Given records —
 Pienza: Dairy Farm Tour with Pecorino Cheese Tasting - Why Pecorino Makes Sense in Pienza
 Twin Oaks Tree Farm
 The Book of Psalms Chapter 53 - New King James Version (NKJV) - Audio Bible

...

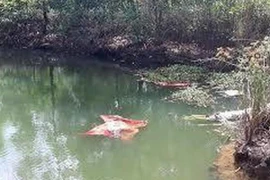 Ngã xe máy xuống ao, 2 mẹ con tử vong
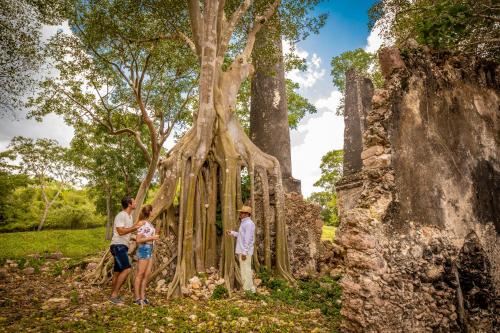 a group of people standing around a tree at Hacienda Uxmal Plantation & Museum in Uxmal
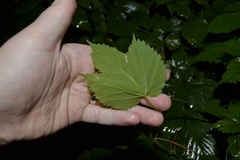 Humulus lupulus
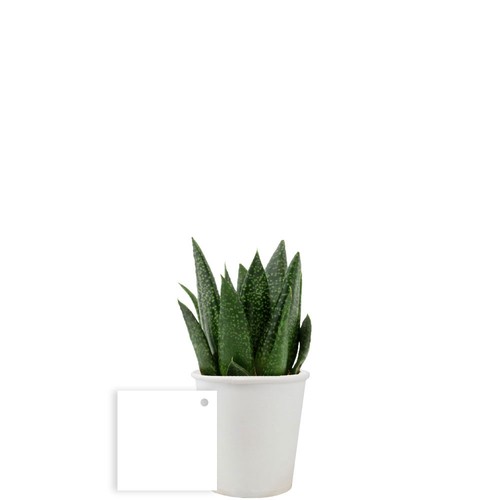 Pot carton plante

* * *

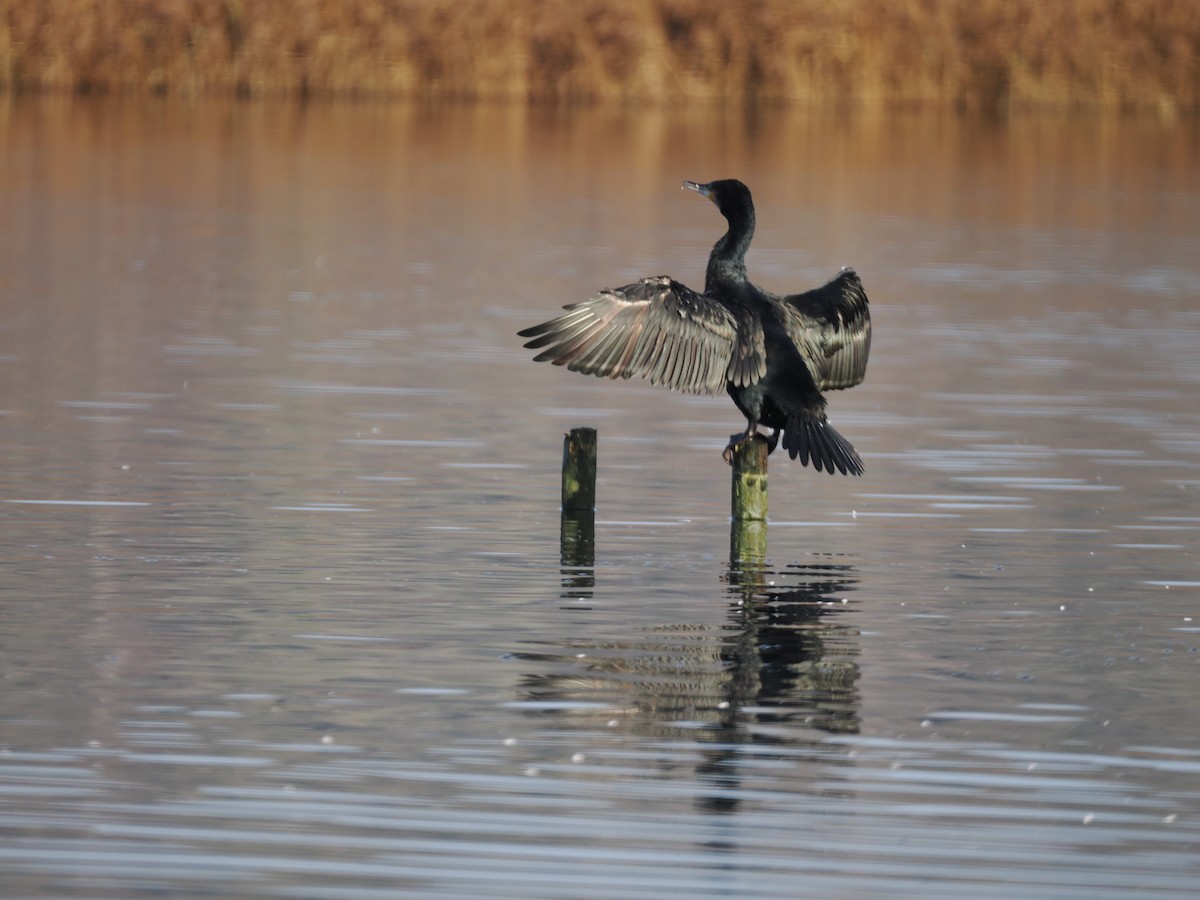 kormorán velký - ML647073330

Work to be completed — What lines in the listing above contain the word "Farm"? Show each one.

Exercise output —
 Pienza: Dairy Farm Tour with Pecorino Cheese Tasting - Why Pecorino Makes Sense in Pienza
 Twin Oaks Tree Farm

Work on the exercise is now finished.